Il reste certain, sur un plan général, que l’humain réserve toujours une pluralité de possibles virtuels. Et la question se pose de savoir ce qui fait que tel possible est actualisé et non pas tel autre, si l’on comprend bien aussi que le nombre de possibles n’est pas calculable et fermé. L’auteur revient donc sur la question des conditions de possibilité des phénomènes en question. Une civilisation saisit l’humain, actualisé dans le temps et dans l’espace et historicisé, à un niveau de particularité subuniverselle et de généralité supra-particulière. Et l’auteur de s’attacher à la dialectique entre universalisation et particularisation.
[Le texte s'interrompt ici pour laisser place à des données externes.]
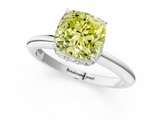 White gold Fancy Yellow Cushion  Brilliant Solitaire Engagement Ring with Six-Prong Setting and Classic Band_21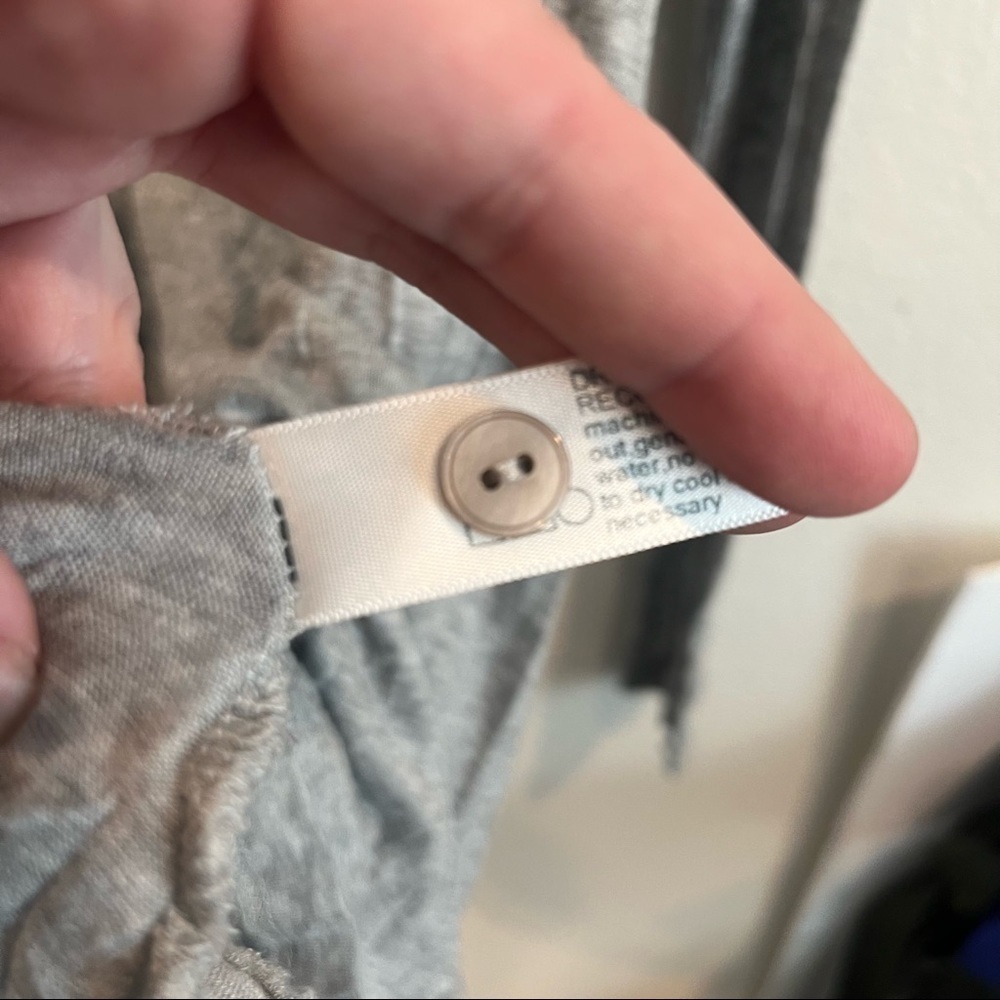 Three Dots Gray Draped Front Ribbed Button Up Shi… - image 6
Reste alors la question de l’histoire qui occupe toute la dernière partie de l’ouvrage. Elle est prise dans sa modernité. Le réel, en effet, est un devenir, et la nature elle-même, on le sait désormais, est historicité, même si, c’est dans le règne humain que l’historicité trouve son expression la plus complète et manifeste ses caractères les plus exclusifs. L’auteur articule alors liberté (cf. ci-dessus) et historicité. Mais c’est pour mieux reprendre le dossier des conceptions de l’histoire, puisque nous sortons de l’image d’une histoire-progrès pour entrer dans une conception des histoires plurielles et articulées. L’histoire peut-elle vraiment se réduire encore à l’unité? Le lecteur jugera de la réponse et d’une réponse qui conduit jusqu’à la tentative de saisir et comprendre la modernité, ce dernier (provisoire?) modèle d’organisation des humains, européocentré.

En fait cet ouvrage, que l’on peut apprécier de diverses manières, et dont il faudrait approfondir chaque propos, inspire au moins l’idée suivante: il est temps, en effet, d’apprendre à reconstruire nos savoirs sur les humains, alors que la période précédente a mis à bas de nombreux mythes sur lesquels «nous» (les occidentaux) avons vécu. L’ouvrage le tente en tout cas avec élégance, mais non sans prendre de nombreux risques. On peut alors se demander s’il ne conviendrait pas mieux à cette tâche de tenter des articulations pluridisciplinaires, facilitant certainement des raffinements sur de nombreux points. Voilà, en tout cas, une première opération qui devrait permettre d’encourager encore d’autres manières de faire, de penser, de synthétiser des recherches effectivement dispersées.